Of the lines below, write out exactly those from the line with "MALACASA, Serie Ramekin.Dish, 12-teiliges" through the line with "Tinted Moisture Blush", both included, and skip the rest.

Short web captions
::::::
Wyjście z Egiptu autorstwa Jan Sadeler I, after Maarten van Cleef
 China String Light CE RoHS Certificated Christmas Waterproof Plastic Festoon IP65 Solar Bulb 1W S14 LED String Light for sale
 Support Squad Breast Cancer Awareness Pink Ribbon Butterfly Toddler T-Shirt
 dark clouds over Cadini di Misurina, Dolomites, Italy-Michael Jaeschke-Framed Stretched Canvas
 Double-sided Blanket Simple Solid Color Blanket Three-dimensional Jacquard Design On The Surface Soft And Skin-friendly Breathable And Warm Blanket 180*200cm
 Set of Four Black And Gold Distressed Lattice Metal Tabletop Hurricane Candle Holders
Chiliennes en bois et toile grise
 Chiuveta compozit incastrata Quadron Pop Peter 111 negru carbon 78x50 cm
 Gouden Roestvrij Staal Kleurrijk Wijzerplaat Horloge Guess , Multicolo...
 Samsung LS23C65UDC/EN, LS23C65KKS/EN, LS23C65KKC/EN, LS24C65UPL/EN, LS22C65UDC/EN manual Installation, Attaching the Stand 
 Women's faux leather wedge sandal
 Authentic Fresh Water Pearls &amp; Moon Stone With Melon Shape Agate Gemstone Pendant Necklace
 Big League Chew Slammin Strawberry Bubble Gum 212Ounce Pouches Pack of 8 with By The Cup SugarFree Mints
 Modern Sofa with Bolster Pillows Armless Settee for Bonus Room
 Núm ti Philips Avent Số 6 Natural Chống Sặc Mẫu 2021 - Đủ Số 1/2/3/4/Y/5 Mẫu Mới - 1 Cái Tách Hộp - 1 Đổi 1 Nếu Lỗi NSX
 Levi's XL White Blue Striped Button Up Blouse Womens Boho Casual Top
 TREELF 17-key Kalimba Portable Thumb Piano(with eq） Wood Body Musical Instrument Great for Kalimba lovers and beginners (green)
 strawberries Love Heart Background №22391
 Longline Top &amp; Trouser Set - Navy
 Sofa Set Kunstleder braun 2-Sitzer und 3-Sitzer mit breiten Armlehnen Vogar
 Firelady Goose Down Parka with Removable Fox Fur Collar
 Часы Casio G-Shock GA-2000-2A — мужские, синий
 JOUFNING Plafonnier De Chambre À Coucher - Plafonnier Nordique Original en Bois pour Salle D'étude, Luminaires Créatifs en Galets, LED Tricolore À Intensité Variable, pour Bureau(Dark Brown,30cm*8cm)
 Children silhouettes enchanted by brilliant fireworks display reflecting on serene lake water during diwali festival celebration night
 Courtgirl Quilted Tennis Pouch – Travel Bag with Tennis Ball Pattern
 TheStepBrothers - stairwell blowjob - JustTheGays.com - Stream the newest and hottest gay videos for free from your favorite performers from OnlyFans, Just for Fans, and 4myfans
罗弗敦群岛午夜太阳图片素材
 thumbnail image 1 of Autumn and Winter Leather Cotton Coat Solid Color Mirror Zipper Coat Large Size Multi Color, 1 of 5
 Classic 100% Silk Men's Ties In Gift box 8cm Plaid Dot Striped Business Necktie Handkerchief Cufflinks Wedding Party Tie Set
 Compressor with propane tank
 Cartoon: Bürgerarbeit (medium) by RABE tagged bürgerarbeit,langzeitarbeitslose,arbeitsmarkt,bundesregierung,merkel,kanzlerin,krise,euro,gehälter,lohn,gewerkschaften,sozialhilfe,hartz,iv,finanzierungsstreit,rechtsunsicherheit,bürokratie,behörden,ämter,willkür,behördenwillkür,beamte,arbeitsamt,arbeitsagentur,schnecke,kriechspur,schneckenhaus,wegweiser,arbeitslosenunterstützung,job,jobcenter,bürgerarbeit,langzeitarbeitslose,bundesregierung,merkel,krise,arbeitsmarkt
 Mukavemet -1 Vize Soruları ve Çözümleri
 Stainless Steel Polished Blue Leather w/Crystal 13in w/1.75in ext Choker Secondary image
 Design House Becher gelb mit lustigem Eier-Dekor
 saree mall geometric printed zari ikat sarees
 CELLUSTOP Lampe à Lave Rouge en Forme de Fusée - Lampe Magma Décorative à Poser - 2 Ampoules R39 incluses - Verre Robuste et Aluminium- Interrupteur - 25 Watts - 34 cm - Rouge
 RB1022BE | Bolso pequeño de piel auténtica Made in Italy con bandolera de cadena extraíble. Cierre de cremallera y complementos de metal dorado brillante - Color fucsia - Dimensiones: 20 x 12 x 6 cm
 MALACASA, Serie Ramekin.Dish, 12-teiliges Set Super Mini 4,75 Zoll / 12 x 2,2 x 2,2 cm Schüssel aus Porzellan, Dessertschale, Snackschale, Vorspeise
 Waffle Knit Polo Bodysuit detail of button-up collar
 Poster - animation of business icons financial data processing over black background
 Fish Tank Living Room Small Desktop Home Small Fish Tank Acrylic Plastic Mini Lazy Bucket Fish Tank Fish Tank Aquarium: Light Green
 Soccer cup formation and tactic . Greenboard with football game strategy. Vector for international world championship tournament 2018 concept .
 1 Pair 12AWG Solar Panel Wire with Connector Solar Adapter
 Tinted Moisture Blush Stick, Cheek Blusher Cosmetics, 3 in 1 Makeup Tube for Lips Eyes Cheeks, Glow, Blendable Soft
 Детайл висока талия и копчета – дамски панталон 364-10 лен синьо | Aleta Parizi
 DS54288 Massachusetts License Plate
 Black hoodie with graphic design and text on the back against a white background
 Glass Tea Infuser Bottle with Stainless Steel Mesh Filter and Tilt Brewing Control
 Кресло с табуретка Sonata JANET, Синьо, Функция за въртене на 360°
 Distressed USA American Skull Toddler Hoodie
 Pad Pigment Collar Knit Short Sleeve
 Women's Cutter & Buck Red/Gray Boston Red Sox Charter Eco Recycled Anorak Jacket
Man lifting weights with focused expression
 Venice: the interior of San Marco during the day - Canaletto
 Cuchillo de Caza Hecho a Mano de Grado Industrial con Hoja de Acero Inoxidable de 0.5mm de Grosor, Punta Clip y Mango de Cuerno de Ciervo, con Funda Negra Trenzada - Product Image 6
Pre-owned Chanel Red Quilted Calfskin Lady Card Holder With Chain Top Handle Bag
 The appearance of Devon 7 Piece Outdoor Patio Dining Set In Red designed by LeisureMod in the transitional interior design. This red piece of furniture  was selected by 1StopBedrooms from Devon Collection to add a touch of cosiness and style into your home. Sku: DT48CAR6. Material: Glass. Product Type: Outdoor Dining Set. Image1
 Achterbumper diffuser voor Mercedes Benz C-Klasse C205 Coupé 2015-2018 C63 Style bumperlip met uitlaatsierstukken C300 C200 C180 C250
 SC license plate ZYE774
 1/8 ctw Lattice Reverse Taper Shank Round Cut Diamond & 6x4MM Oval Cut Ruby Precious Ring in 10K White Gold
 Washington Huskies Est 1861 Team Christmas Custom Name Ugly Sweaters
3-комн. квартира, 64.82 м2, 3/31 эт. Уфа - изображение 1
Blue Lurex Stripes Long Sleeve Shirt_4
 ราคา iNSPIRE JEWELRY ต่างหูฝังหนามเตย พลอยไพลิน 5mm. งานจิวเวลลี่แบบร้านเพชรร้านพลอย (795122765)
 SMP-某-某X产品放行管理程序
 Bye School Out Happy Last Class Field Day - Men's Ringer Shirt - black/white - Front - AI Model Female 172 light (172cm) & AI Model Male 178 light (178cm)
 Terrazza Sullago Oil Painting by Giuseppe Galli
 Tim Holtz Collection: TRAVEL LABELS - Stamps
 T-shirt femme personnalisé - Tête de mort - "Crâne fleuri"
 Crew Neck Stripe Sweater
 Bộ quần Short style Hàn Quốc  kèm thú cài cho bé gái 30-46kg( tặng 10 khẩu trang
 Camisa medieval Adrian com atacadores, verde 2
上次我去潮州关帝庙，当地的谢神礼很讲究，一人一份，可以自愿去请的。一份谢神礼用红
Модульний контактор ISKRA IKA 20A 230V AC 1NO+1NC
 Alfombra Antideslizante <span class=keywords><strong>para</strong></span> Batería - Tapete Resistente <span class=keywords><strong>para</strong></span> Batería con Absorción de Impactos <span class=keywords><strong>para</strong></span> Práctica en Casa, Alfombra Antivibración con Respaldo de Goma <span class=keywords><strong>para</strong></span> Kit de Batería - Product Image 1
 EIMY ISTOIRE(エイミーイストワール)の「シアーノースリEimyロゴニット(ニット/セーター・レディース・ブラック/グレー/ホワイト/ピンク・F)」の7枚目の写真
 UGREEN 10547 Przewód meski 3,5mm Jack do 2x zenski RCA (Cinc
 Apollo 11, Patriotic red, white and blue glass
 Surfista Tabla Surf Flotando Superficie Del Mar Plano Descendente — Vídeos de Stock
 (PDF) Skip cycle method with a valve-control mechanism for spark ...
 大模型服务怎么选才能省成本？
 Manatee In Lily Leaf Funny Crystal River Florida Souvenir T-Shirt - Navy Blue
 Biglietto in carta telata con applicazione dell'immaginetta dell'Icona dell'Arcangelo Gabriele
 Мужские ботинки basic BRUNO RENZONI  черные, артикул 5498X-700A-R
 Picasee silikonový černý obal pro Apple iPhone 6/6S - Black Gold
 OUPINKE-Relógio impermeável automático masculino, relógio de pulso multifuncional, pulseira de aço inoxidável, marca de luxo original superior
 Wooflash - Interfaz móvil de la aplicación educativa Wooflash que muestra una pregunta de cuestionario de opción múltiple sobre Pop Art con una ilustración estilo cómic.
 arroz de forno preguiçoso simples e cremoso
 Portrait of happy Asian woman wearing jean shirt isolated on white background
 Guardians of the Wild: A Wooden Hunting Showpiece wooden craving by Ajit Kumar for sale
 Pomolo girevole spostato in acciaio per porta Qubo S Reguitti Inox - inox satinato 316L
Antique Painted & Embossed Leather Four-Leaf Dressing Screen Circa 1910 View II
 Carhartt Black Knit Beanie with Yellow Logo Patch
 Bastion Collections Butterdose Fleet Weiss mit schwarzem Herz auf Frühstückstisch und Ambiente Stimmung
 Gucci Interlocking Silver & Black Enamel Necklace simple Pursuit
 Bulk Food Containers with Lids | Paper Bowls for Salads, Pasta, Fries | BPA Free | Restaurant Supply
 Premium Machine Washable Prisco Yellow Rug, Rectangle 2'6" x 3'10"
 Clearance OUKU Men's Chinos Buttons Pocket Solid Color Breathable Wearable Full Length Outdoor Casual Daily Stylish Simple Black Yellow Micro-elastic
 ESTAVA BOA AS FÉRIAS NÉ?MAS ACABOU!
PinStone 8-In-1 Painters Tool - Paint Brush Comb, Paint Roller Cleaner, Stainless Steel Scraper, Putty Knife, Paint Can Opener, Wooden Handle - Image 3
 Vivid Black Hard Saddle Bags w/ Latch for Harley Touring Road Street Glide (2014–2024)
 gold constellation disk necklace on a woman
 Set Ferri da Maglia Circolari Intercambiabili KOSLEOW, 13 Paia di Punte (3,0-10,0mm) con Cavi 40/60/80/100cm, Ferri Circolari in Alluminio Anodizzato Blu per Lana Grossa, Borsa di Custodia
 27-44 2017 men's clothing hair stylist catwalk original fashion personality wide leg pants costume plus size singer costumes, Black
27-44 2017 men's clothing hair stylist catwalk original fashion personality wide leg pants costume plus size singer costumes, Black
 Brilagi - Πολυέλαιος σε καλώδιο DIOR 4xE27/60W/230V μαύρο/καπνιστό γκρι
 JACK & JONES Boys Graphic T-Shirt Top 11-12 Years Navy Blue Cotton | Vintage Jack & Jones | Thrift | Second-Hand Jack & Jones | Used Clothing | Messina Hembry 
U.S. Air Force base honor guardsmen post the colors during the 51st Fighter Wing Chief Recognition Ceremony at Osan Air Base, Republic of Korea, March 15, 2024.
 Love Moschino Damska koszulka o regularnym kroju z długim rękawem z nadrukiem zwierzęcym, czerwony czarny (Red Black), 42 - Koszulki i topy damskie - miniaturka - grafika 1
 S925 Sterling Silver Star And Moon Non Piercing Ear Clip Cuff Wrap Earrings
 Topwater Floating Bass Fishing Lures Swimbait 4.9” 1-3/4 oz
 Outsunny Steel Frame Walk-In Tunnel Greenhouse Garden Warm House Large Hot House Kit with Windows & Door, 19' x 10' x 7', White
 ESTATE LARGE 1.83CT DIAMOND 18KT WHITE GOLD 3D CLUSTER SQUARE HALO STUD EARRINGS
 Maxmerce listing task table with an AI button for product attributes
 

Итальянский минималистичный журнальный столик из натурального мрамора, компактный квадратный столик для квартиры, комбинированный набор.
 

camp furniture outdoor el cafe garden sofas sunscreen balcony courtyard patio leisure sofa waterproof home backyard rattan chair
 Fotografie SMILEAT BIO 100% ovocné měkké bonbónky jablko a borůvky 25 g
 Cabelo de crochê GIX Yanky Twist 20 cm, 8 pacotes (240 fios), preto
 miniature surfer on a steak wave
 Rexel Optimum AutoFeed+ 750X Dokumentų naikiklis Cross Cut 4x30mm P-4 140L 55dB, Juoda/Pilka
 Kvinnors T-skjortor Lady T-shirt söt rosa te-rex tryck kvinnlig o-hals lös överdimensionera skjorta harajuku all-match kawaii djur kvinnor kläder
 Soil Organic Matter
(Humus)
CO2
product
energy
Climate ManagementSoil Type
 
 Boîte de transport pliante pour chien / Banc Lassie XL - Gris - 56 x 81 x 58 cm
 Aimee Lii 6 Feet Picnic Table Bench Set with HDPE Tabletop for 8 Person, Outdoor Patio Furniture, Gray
::::::
Written response:
 MALACASA, Serie Ramekin.Dish, 12-teiliges Set Super Mini 4,75 Zoll / 12 x 2,2 x 2,2 cm Schüssel aus Porzellan, Dessertschale, Snackschale, Vorspeise
 Waffle Knit Polo Bodysuit detail of button-up collar
 Poster - animation of business icons financial data processing over black background
 Fish Tank Living Room Small Desktop Home Small Fish Tank Acrylic Plastic Mini Lazy Bucket Fish Tank Fish Tank Aquarium: Light Green
 Soccer cup formation and tactic . Greenboard with football game strategy. Vector for international world championship tournament 2018 concept .
 1 Pair 12AWG Solar Panel Wire with Connector Solar Adapter
 Tinted Moisture Blush Stick, Cheek Blusher Cosmetics, 3 in 1 Makeup Tube for Lips Eyes Cheeks, Glow, Blendable Soft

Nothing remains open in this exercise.